• _YOUR GOAL_:
Return exactly the span of lines in the following data that opens with the line containing "What is good" and closes with the line containing "Hi, this is". Include nothing else.
━━━━━ DATASET ━━━━━
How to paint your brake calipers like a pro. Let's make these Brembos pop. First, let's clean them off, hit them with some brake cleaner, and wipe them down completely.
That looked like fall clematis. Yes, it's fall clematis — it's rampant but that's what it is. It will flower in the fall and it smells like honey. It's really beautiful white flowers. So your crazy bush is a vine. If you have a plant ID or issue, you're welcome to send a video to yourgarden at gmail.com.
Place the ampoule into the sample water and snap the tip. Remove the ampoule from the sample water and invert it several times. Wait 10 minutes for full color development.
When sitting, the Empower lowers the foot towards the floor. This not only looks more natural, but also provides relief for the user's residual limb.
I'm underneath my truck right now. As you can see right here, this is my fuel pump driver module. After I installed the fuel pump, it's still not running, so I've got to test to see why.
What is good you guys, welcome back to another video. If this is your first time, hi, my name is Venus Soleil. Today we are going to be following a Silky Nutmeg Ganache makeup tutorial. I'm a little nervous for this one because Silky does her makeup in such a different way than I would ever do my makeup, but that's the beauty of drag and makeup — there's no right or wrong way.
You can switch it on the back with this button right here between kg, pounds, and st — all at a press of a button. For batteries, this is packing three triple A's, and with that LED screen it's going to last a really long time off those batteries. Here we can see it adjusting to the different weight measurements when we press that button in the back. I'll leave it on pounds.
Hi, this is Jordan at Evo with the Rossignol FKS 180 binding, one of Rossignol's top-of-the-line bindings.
━━━━━
━━━━━ DATASET ━━━━━
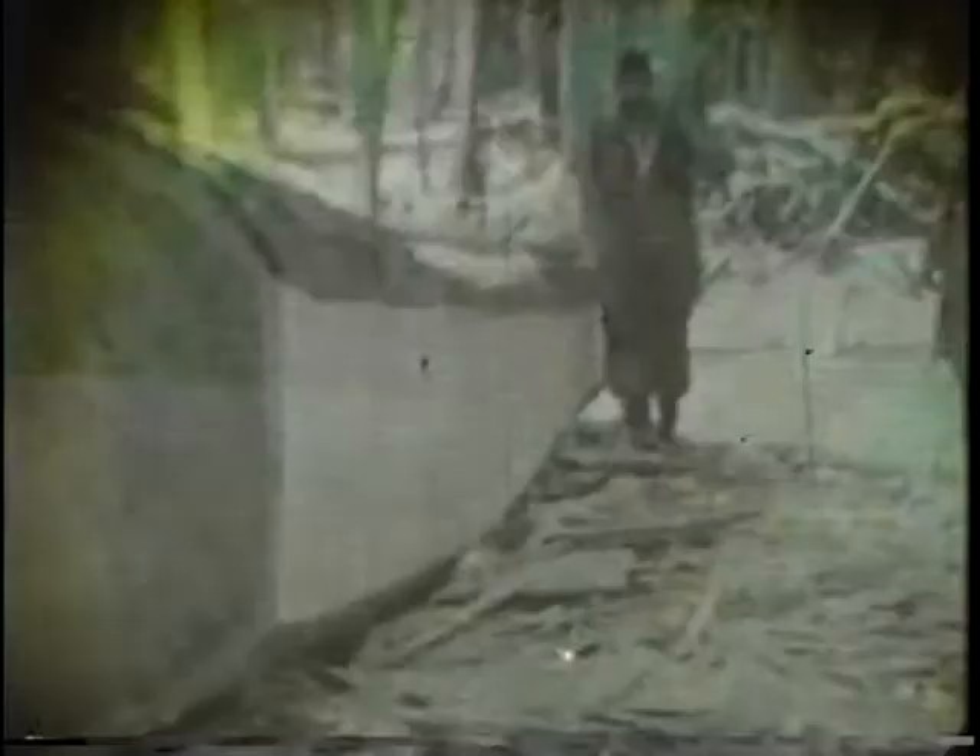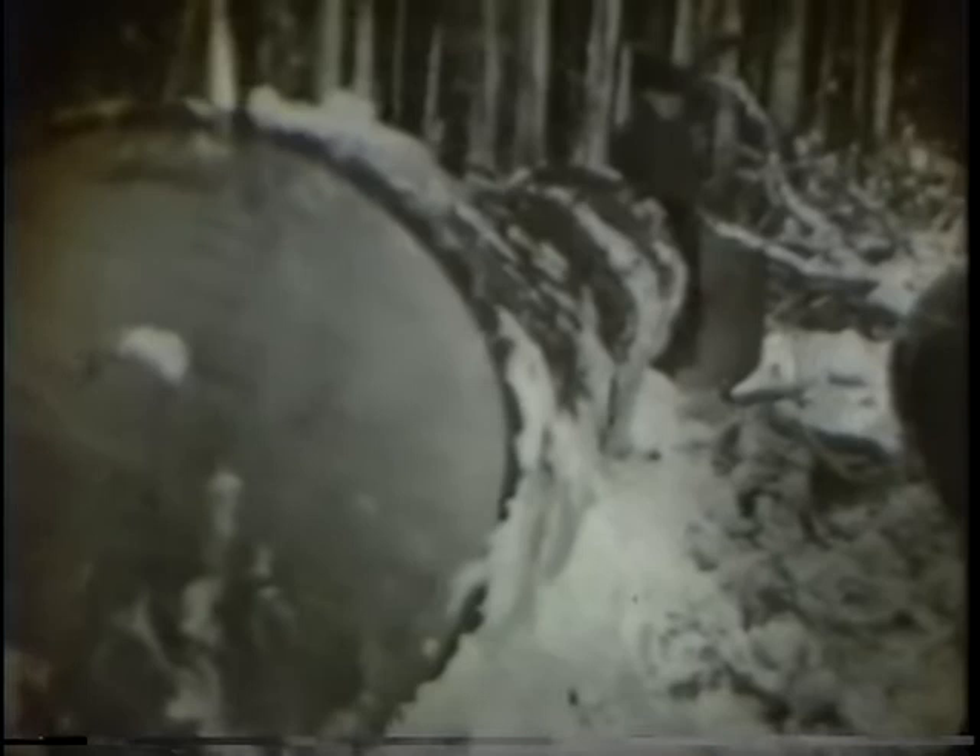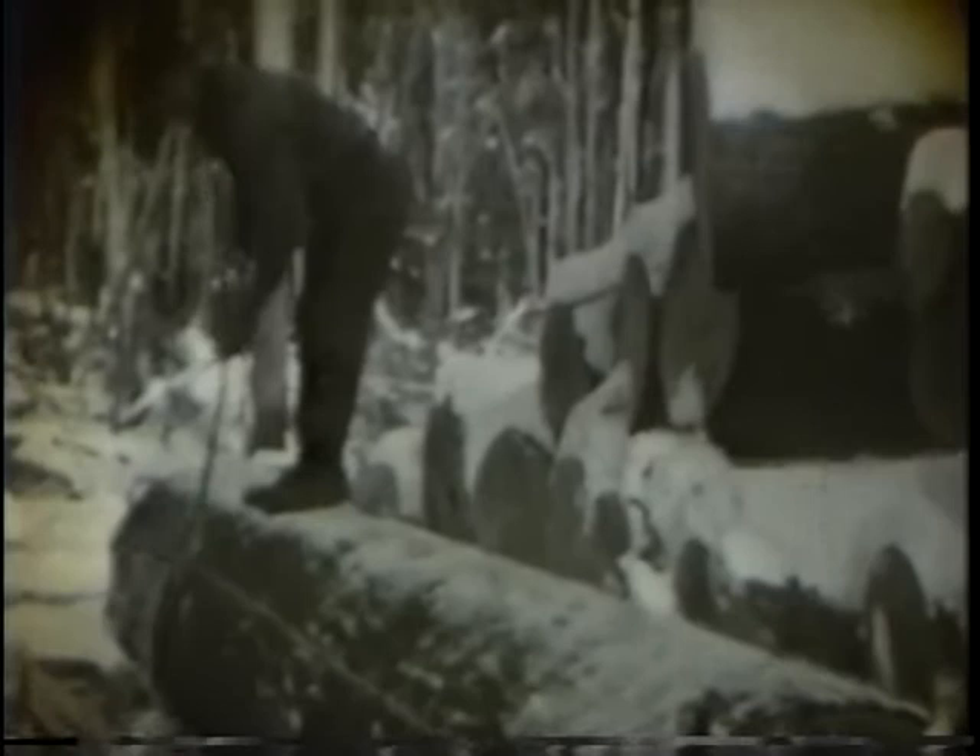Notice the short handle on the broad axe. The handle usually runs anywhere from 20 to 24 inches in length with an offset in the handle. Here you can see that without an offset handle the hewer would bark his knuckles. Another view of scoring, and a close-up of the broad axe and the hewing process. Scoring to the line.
━━━━━
• _SOLUTION_:
What is good you guys, welcome back to another video. If this is your first time, hi, my name is Venus Soleil. Today we are going to be following a Silky Nutmeg Ganache makeup tutorial. I'm a little nervous for this one because Silky does her makeup in such a different way than I would ever do my makeup, but that's the beauty of drag and makeup — there's no right or wrong way.
You can switch it on the back with this button right here between kg, pounds, and st — all at a press of a button. For batteries, this is packing three triple A's, and with that LED screen it's going to last a really long time off those batteries. Here we can see it adjusting to the different weight measurements when we press that button in the back. I'll leave it on pounds.
Hi, this is Jordan at Evo with the Rossignol FKS 180 binding, one of Rossignol's top-of-the-line bindings.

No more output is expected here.